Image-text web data
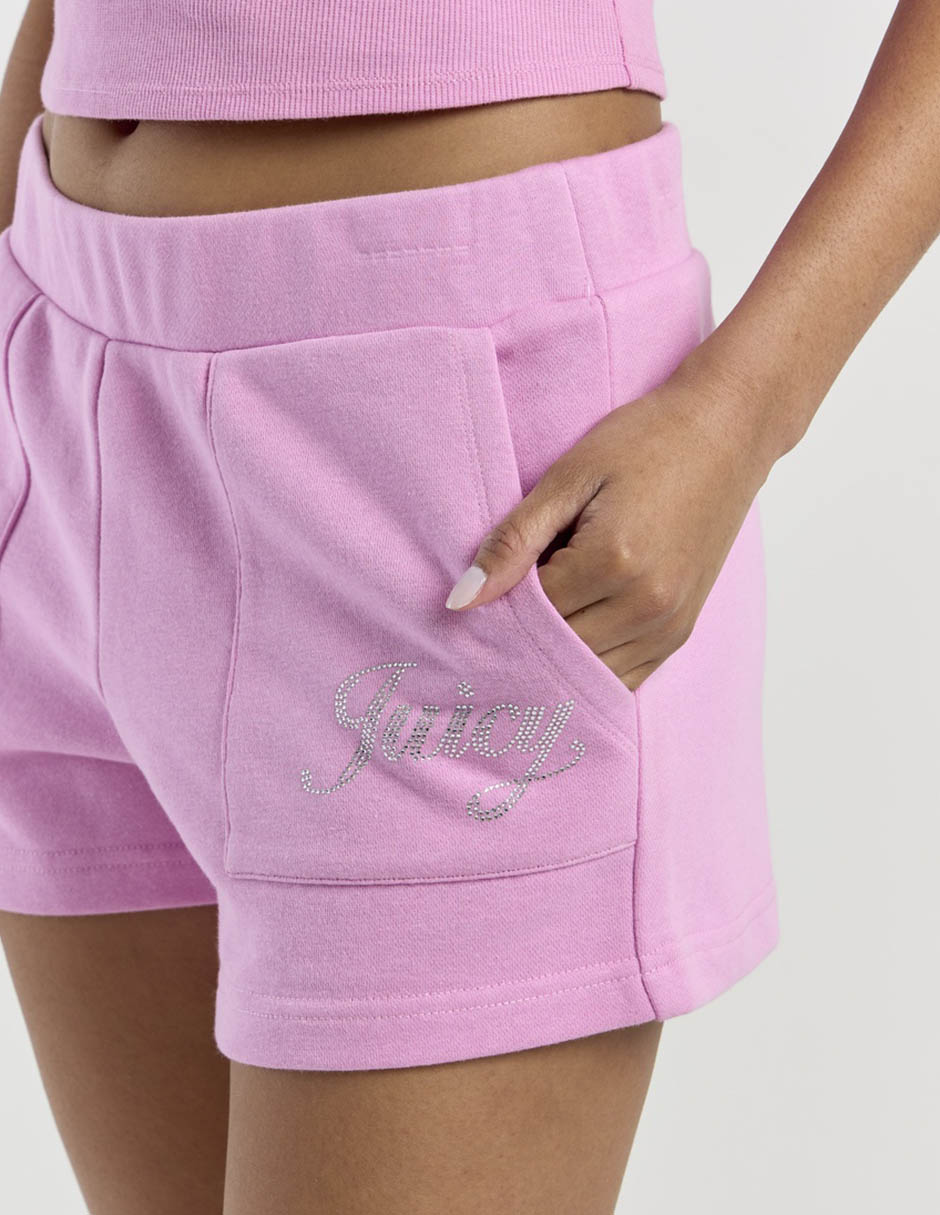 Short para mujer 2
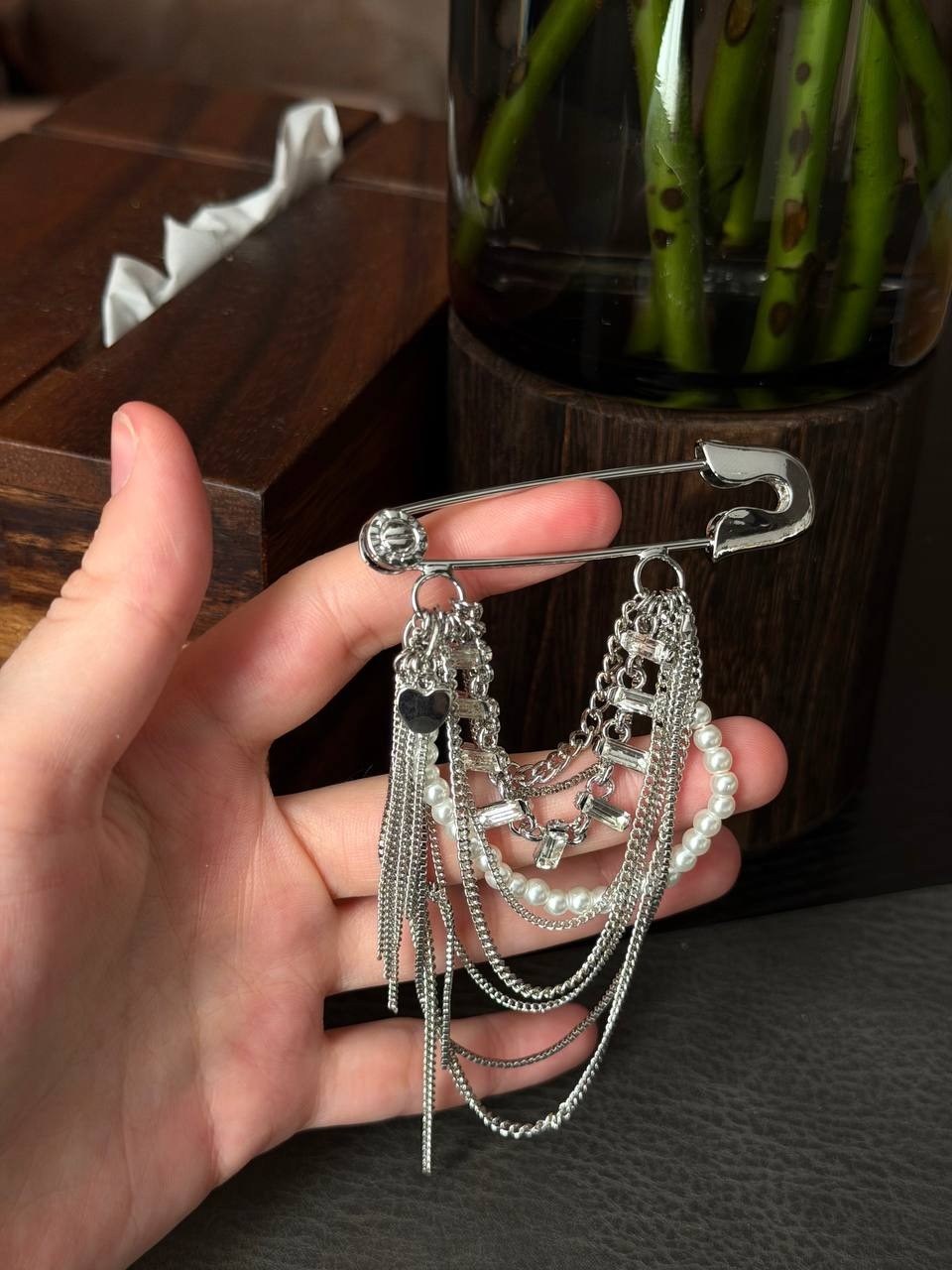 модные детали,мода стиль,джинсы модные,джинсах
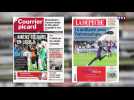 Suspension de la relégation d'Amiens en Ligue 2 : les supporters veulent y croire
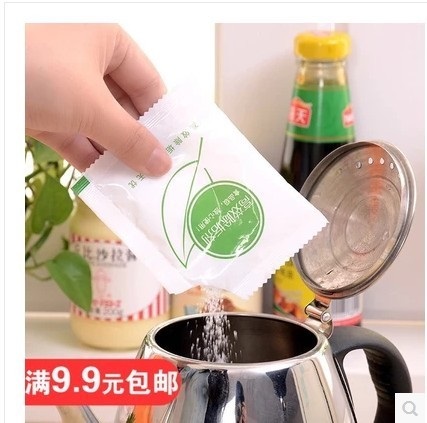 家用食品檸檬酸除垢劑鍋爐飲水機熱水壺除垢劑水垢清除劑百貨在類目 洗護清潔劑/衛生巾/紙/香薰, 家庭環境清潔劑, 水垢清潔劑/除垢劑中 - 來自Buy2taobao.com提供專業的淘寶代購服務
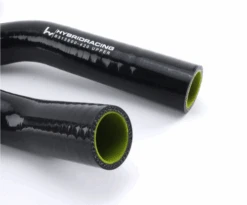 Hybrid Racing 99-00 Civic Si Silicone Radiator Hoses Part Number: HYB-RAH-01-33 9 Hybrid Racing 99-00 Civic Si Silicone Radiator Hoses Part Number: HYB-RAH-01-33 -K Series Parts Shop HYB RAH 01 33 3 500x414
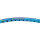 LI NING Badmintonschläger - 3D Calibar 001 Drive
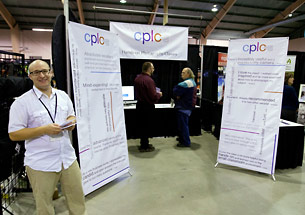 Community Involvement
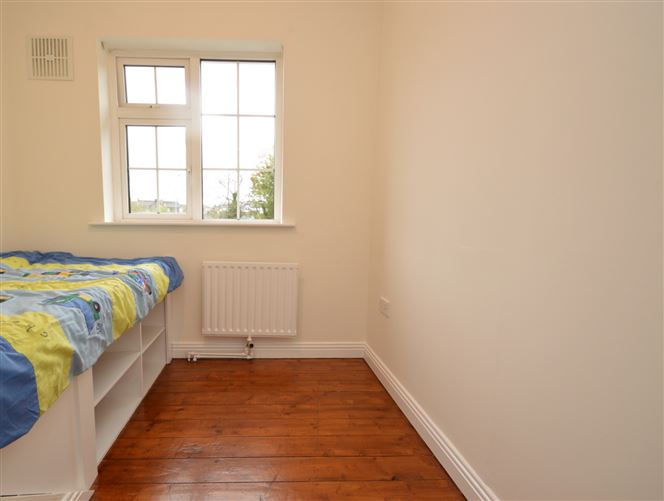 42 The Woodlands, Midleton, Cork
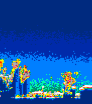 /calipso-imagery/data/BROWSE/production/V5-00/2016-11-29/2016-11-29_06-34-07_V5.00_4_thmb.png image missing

→ **EXERCISE REQUIREMENTS**
Print nothing except the lines above from the one containing "Suspension de la" down to the one containing "42 The Woodlands, Midleton, Cork", both included, exactly as written and free of pictures.

→ **RESULT**
 Suspension de la relégation d'Amiens en Ligue 2 : les supporters veulent y croire
 家用食品檸檬酸除垢劑鍋爐飲水機熱水壺除垢劑水垢清除劑百貨在類目 洗護清潔劑/衛生巾/紙/香薰, 家庭環境清潔劑, 水垢清潔劑/除垢劑中 - 來自Buy2taobao.com提供專業的淘寶代購服務
 Hybrid Racing 99-00 Civic Si Silicone Radiator Hoses Part Number: HYB-RAH-01-33 9 Hybrid Racing 99-00 Civic Si Silicone Radiator Hoses Part Number: HYB-RAH-01-33 -K Series Parts Shop HYB RAH 01 33 3 500x414
 LI NING Badmintonschläger - 3D Calibar 001 Drive
 Community Involvement
 42 The Woodlands, Midleton, Cork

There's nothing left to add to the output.